In his attempt to explain and describe his vision of the world by means of poetry, Koder had to construct a number of notions and corresponding terms. Most of his terminology is based on Serbian language, but derivatives of foreign words were also used, as well as a number of archaisms, compound nouns and words whose meaning can be inferred from the sound rather than the semantics. His dictionary contains most of his terminology, but many notions were explained using other incomprehensible constructs, obscure wording or recursive definitions. What's more, the dictionary does not follow alphabetical order, which makes it even more complicated to comprehend. Some of the definitions in the dictionary were given in different languages, while some terms were explained by drawings and mathematical formulas.

Koder's personal mythology often features various species of plants and birds, as well as dreams, spirits, fairies and cosmical forces, whose complex interplay forms the basis of existence. Even though generally coherent and consistent in itself, his work is extremely hermetic and self-contained, almost impenetrable even to the most educated readers.

==Criticism==

When it was published, in 1862, Romoranka attracted some attention in Serbian literary circles in Novi Sad and Belgrade, but the main problem with it was that hardly anyone could understand what it was about. Even though Koder claimed to have used the words he learned from old women and peasants all around Serbia, it is possible that many of those words were actually invented by himself. Romoranka was described by Jovan Jovanović Zmaj as "incomprehensible, obscure and impossible to understand, despite the explanations that comprise one third of the book."
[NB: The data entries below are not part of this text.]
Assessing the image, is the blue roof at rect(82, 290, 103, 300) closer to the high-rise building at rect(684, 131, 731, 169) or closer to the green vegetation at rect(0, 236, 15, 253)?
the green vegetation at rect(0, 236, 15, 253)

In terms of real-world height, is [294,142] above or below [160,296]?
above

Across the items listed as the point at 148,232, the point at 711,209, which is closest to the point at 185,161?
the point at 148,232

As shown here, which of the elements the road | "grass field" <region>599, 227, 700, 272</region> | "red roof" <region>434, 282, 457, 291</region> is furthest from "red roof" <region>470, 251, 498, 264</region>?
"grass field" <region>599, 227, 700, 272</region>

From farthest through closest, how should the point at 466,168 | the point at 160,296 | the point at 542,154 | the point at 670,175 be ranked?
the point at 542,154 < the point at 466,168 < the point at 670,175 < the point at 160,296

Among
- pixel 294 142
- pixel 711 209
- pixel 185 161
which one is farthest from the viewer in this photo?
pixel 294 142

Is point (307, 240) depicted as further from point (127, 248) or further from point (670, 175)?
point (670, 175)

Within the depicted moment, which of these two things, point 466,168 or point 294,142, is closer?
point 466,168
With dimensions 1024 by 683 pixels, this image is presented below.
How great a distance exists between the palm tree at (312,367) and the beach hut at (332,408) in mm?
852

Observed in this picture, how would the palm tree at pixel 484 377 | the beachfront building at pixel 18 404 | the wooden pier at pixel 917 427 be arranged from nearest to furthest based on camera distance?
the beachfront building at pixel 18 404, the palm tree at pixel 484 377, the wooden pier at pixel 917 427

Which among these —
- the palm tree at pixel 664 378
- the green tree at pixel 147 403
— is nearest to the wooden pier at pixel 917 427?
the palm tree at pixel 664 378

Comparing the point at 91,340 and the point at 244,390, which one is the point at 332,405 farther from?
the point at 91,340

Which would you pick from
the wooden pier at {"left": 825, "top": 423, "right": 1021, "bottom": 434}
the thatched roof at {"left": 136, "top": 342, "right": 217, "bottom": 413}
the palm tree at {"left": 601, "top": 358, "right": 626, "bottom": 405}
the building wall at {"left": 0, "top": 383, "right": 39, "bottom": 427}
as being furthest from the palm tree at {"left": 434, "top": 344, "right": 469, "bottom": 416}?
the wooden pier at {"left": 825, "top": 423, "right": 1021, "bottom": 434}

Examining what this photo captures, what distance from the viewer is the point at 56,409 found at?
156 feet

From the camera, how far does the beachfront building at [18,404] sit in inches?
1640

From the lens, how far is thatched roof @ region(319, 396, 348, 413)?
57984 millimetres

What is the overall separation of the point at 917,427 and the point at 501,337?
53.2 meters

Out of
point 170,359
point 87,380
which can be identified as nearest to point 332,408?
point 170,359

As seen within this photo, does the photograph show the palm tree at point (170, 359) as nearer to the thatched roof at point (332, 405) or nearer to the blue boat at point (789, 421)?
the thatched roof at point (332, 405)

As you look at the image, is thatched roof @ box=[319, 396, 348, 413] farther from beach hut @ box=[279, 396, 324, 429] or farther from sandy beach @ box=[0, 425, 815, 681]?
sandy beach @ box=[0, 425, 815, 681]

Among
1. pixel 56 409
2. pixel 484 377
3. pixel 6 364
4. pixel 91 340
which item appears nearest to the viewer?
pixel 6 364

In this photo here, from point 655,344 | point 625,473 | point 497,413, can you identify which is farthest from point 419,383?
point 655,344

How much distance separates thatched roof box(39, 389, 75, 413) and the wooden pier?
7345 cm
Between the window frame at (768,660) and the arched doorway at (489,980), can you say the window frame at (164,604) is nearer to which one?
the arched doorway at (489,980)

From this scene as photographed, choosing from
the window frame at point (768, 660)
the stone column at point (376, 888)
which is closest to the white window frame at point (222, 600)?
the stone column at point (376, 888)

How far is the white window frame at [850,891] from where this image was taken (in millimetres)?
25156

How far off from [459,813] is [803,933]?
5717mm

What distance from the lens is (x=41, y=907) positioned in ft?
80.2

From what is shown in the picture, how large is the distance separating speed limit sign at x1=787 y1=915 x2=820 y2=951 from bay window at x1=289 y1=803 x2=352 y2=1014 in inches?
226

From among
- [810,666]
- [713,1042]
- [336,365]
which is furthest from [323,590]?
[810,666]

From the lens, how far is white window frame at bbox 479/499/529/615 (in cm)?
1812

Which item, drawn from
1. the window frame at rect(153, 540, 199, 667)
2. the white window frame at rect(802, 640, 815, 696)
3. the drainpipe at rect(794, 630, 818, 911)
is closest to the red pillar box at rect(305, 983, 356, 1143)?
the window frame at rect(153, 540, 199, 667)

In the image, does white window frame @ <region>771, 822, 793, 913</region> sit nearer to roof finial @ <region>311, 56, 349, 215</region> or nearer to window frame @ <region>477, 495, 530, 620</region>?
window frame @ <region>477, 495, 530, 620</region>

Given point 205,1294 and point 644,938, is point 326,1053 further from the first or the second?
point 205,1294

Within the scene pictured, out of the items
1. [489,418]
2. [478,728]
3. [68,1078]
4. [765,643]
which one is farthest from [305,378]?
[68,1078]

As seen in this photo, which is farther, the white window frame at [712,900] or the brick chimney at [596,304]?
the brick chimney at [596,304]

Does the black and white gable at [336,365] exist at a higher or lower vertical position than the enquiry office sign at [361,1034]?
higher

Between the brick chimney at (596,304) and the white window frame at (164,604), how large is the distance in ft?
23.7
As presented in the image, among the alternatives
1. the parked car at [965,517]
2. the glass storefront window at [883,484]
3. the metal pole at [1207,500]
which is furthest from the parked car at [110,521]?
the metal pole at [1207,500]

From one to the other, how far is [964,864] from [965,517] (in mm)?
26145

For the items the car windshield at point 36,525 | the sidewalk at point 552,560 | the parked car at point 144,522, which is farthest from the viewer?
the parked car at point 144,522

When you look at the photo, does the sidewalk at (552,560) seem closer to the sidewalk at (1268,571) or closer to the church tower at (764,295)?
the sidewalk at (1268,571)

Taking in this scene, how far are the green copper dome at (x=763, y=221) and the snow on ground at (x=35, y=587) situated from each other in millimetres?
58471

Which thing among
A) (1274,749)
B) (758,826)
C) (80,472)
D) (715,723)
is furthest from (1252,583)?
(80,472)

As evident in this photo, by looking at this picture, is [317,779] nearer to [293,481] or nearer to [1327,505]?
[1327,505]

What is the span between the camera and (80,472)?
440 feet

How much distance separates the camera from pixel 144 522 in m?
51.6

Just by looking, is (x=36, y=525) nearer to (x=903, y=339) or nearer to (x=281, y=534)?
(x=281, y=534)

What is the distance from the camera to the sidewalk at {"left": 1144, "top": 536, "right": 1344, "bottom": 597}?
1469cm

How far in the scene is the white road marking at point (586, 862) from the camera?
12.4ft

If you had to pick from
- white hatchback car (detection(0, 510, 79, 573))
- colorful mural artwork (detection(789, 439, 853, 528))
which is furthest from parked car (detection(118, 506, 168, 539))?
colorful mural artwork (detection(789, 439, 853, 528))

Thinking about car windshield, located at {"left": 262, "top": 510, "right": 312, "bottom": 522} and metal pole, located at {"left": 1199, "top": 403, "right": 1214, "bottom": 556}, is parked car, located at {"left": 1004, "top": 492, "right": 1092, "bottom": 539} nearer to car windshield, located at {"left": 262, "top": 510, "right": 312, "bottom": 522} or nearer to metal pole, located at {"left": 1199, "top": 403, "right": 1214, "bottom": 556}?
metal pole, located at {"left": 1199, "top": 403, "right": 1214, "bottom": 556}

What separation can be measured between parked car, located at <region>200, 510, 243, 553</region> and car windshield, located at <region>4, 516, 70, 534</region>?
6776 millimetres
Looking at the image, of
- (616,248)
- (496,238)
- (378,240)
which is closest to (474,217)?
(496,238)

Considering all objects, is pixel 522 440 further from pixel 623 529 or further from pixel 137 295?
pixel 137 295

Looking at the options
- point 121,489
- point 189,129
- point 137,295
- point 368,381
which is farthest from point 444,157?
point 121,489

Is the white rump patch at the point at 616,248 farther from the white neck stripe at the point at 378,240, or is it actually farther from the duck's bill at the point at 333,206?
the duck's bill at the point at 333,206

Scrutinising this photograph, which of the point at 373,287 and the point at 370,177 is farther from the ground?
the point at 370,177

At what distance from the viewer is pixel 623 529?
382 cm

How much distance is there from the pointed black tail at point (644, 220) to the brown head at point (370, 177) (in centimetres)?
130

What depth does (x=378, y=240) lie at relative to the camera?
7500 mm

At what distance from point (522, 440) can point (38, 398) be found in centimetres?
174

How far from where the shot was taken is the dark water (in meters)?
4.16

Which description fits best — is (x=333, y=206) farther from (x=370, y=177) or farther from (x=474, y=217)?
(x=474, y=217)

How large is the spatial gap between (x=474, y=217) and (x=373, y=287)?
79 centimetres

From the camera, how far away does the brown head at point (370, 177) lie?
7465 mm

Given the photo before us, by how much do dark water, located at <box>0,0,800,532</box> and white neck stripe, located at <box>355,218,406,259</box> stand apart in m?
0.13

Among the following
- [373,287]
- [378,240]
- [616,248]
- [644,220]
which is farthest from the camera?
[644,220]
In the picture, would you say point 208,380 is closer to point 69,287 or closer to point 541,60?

Jovan Skerlić, a prominent Serbian literary critic of the time, described Koder's Romoranka as "the most insane book of our romanticism, a blurry symbolic description of lives of birds and plants." Koder's "preposterous language" was, according to Skerlić, "a sickly original vocabulary", and his whole opus could only be described as "the jester's hat on the head of Serbian literature".